_Task goal_
The following data has a line with "Armaf Odyssey Wild" and a line with "Rapper Orion se s alkoholem moc nekamarádí.". Write out exactly those lines and all the lines between them.

BEGIN

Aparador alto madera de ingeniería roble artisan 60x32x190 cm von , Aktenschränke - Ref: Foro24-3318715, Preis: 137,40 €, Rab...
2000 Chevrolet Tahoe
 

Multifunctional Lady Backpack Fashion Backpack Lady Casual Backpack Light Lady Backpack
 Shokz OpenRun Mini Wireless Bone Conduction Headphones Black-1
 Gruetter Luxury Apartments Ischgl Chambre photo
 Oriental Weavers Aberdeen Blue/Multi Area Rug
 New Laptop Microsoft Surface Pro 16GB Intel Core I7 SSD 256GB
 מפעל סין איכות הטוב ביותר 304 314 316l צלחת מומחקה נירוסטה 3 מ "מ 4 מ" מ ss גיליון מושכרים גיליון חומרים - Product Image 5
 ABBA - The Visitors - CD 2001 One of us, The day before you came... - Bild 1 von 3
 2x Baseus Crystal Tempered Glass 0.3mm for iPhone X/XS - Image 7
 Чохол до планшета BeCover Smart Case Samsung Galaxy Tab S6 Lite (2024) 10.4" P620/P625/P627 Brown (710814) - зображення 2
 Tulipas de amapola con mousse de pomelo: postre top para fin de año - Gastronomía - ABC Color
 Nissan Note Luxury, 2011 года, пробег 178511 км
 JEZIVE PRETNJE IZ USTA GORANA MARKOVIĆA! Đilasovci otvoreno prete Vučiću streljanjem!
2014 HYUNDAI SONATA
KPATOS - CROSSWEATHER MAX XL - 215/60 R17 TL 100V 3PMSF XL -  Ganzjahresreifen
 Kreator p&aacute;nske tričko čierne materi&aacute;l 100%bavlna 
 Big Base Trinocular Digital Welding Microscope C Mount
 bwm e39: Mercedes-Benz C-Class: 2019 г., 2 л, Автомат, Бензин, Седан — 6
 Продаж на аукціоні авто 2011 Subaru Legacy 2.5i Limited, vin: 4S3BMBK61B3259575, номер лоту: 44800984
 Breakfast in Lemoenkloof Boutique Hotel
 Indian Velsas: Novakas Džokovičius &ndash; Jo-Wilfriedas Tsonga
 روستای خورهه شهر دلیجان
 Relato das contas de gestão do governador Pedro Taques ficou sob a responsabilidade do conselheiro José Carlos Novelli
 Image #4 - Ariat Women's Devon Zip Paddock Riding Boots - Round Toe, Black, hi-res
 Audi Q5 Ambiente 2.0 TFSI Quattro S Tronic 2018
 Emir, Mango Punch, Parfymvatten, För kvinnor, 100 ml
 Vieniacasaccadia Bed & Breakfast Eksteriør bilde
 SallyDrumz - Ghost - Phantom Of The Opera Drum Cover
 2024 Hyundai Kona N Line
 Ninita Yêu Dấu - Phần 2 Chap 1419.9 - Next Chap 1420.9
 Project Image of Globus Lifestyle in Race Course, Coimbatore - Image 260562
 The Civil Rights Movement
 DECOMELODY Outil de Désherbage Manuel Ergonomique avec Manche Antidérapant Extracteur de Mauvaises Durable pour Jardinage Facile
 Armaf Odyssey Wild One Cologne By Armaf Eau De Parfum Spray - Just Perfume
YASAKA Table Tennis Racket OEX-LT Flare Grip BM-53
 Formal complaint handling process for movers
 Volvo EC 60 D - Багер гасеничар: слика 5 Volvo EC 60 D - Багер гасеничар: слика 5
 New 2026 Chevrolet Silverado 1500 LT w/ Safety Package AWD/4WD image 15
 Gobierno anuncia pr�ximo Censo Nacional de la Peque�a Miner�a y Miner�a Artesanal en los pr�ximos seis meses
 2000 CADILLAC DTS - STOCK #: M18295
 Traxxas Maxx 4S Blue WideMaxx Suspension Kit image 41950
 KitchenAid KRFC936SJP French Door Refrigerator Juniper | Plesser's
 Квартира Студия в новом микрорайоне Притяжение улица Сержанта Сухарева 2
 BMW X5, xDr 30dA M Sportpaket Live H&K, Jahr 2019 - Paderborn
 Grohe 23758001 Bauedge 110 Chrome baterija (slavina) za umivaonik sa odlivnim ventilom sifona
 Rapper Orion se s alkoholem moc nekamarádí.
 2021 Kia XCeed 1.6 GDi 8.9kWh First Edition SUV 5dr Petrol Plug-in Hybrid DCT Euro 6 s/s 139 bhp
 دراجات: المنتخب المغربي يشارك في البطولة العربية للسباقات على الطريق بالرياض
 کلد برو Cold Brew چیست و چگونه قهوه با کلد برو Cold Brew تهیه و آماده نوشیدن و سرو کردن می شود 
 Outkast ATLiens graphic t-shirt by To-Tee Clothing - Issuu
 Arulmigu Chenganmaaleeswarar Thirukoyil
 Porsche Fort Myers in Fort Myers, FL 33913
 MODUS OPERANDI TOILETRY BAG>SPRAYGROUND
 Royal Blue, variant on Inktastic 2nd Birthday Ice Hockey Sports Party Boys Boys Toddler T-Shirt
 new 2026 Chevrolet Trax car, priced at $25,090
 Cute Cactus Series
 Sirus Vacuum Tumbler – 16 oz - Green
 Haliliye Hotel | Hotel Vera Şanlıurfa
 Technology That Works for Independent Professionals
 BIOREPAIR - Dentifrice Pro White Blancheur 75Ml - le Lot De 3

END

_Expected output_
 Armaf Odyssey Wild One Cologne By Armaf Eau De Parfum Spray - Just Perfume
YASAKA Table Tennis Racket OEX-LT Flare Grip BM-53
 Formal complaint handling process for movers
 Volvo EC 60 D - Багер гасеничар: слика 5 Volvo EC 60 D - Багер гасеничар: слика 5
 New 2026 Chevrolet Silverado 1500 LT w/ Safety Package AWD/4WD image 15
 Gobierno anuncia pr�ximo Censo Nacional de la Peque�a Miner�a y Miner�a Artesanal en los pr�ximos seis meses
 2000 CADILLAC DTS - STOCK #: M18295
 Traxxas Maxx 4S Blue WideMaxx Suspension Kit image 41950
 KitchenAid KRFC936SJP French Door Refrigerator Juniper | Plesser's
 Квартира Студия в новом микрорайоне Притяжение улица Сержанта Сухарева 2
 BMW X5, xDr 30dA M Sportpaket Live H&K, Jahr 2019 - Paderborn
 Grohe 23758001 Bauedge 110 Chrome baterija (slavina) za umivaonik sa odlivnim ventilom sifona
 Rapper Orion se s alkoholem moc nekamarádí.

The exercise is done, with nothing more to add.